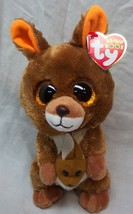 TY Beanie Boos BIG EYED KIPPER THE KANGAROO W/ BABY 7&quot; Plush STUFFED ANI... - $16.34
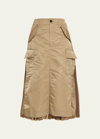 Sacai Nylon-twill Pleated Cargo Midi Skirt In Dbeige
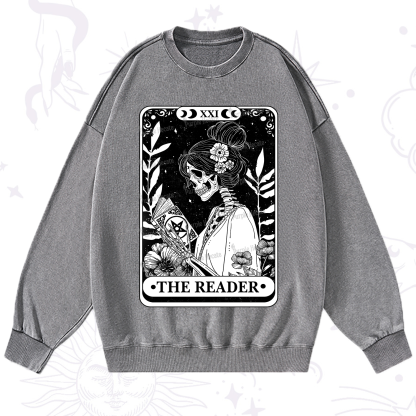 Purplehecate The Reader Skeleton Tarot Washed Sweatshirt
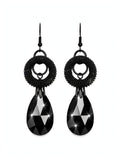DG Black Crystal Drop Hoop Earrings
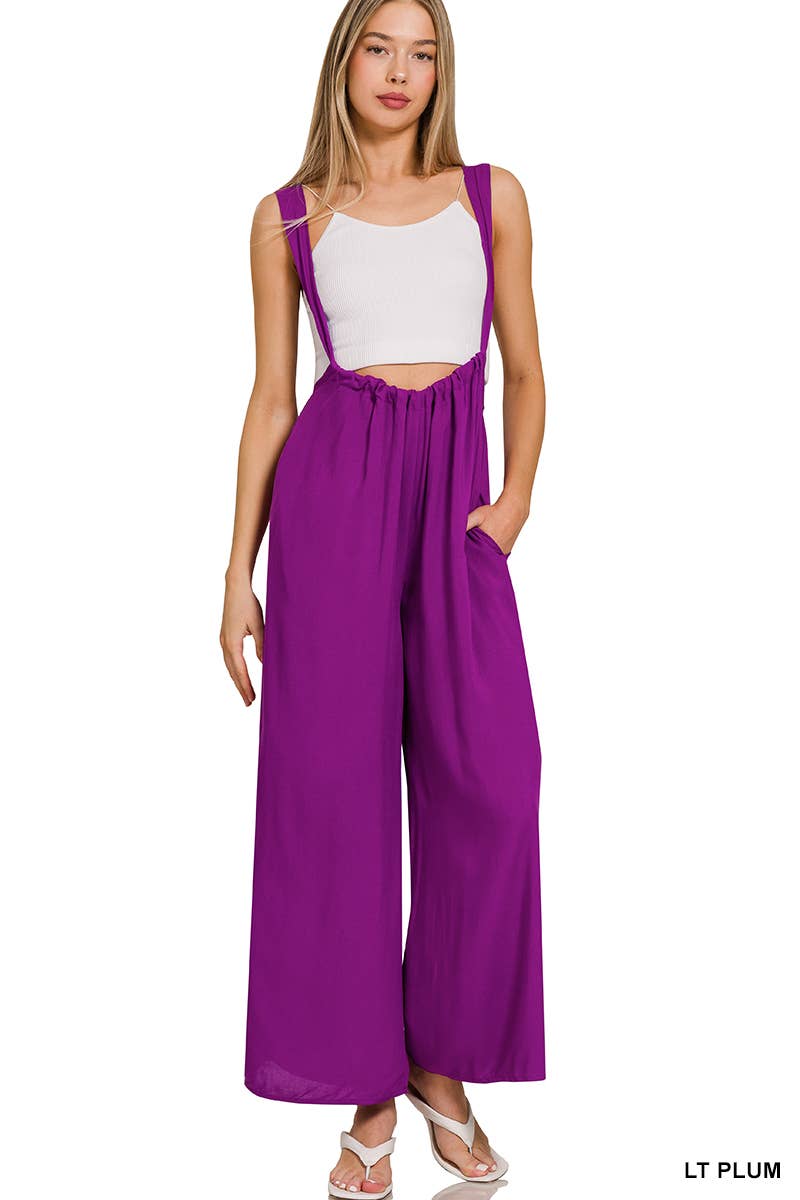 `.Tie Back Suspender Jumpsuit w/ Pockets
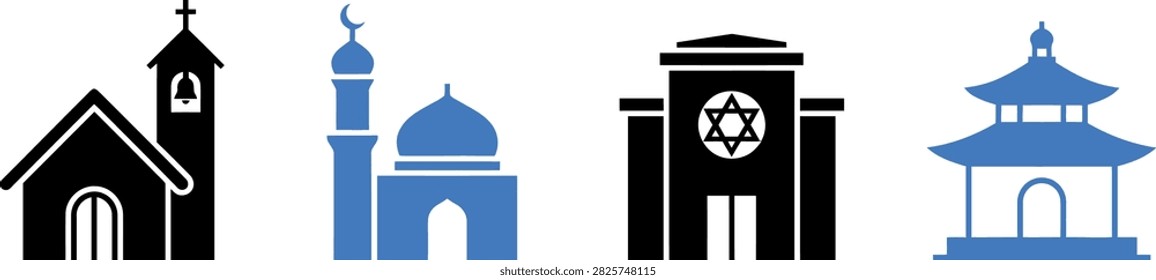 Religious building icons set including church mosque synagogue and temple in flat vector style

**Exercise directions**
Every entry above should be printed again exactly, except for the pictures.

**Answer to the problem**
 TY Beanie Boos BIG EYED KIPPER THE KANGAROO W/ BABY 7&quot; Plush STUFFED ANI... - $16.34
 Sacai Nylon-twill Pleated Cargo Midi Skirt In Dbeige
 Purplehecate The Reader Skeleton Tarot Washed Sweatshirt
DG Black Crystal Drop Hoop Earrings
 `.Tie Back Suspender Jumpsuit w/ Pockets
 Religious building icons set including church mosque synagogue and temple in flat vector style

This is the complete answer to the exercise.